I think the math here should be right, although perhaps the confusion here is be...

lalaland1125 · on May 24, 2020

The problem is that you are equally likely to get a BBBAAA ordering which would give you the same Type 1 error as AAABBB in the case where A and B have the same distribution.

The main key to remember when deriving a p value is that you are computing the probability of seeing an outcome at least as extreme given the null hypothesis, not the probability of seeing your particular outcome.

saeranv · on May 24, 2020

I see your point. But isn't that only true for two-tailed tests? This sort of ordering problem seems more suited to a one-tailed test. Let's say for example, we represent the bins of the probability distribution as the number of B's we can obtain (0, 1, 2, or 3).

In this case I am defining the statistical significance of our test ordering (AAABBB) as anything less than or equal to 0.05 of our probability distribution - which corresponds to the 0 Bs bin. This corresponds to a one-sided confidence interval of 95%.

What am I doing wrong?

lalaland1125 · on May 25, 2020

A one sided test is only valid if you know that it's not possible to get a result in the other direction. In the general case you don't know for certain that B can't be faster than A. One sided tests are almost always invalid as it's very difficult to know that the other direction is impossible.
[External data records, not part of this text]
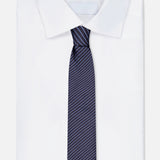 A ZEGNA Silk Jacquard Diagonal Stripes Neck Tie, made in Italy and featuring thin white stripes on navy, is paired with a classic white dress shirt—an elegant men's accessory set against a plain white background.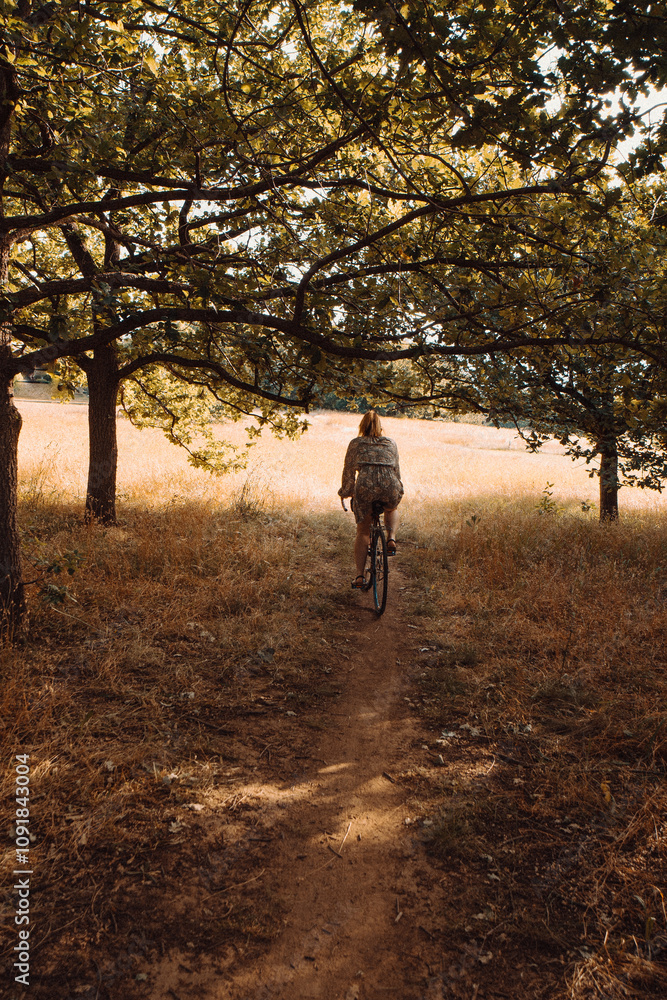 Fototapeta premium Woman riding bicycle in grass and autumn forest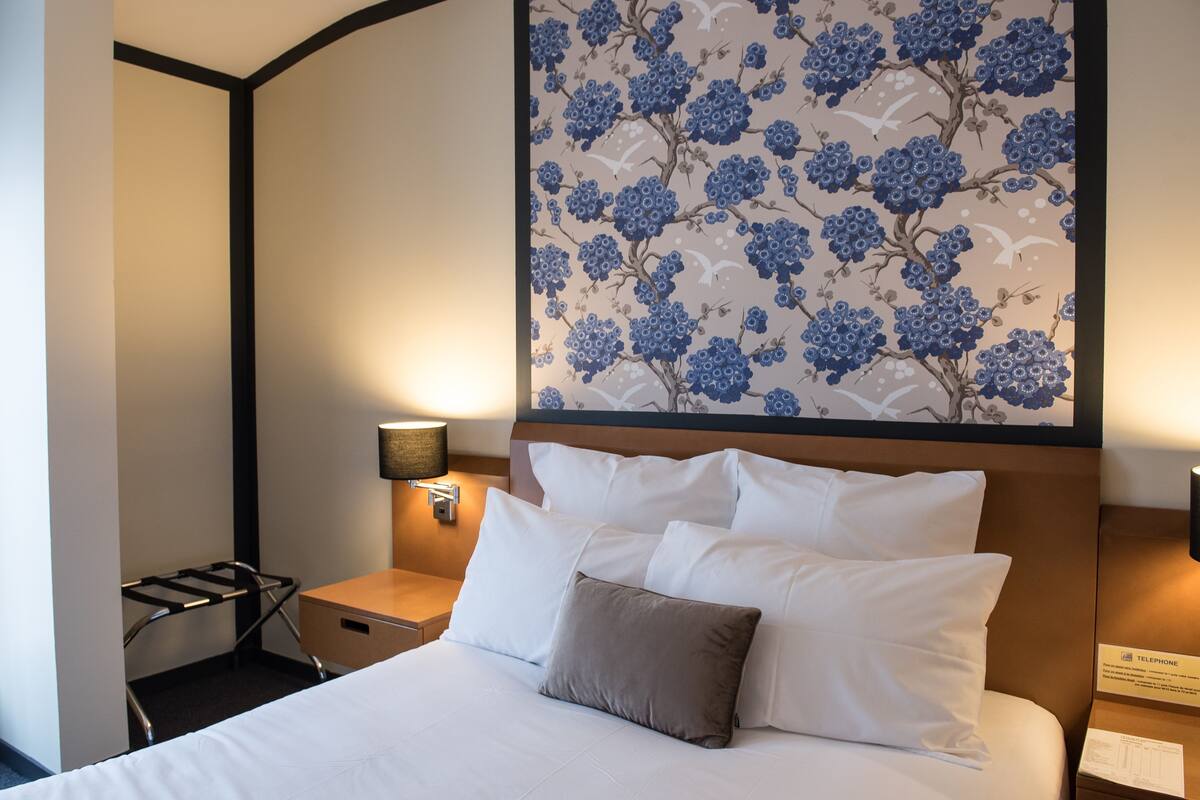 Una habitación de hotel con una cama bien hecha, una mesita de noche con una lámpara y una pared con estampado floral.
If this doesn't make sense, I would recommend running simulations under the null hypothesis. You will see that 5% of the time you will falsely conclude that A < B and that in another 5% of the time you will conclude that B < A, leading to an overall false positive rate of 10%.

saeranv · on May 26, 2020

I think I'm finally starting to see the heart of the problem now.

> You will see that 5% of the time you will falsely conclude that A < B and that in another 5% of the time you will conclude that B < A, leading to an overall false positive rate of 10%.

From my perspective, this makes perfect sense, since I know there is a 1 / 20 chance of getting 3 AAAs based on the combinations formula. Where I think I am having trouble is why the p value needs to be derived to account for both these extremes.

Earlier you wrote: > The main key to remember when deriving a p value is that you are computing the probability of seeing an outcome at least as extreme given the null hypothesis, not the probability of seeing your particular outcome.

This is where the confusion is coming from for me. Based on this definition of the p-value everything you say makes sense. But, I don't understand what the point of deriving a p value this way is, or what it tells us. And to clarify, I'm not saying your wrong, more that I just need to read up on p-value derivation to understand this.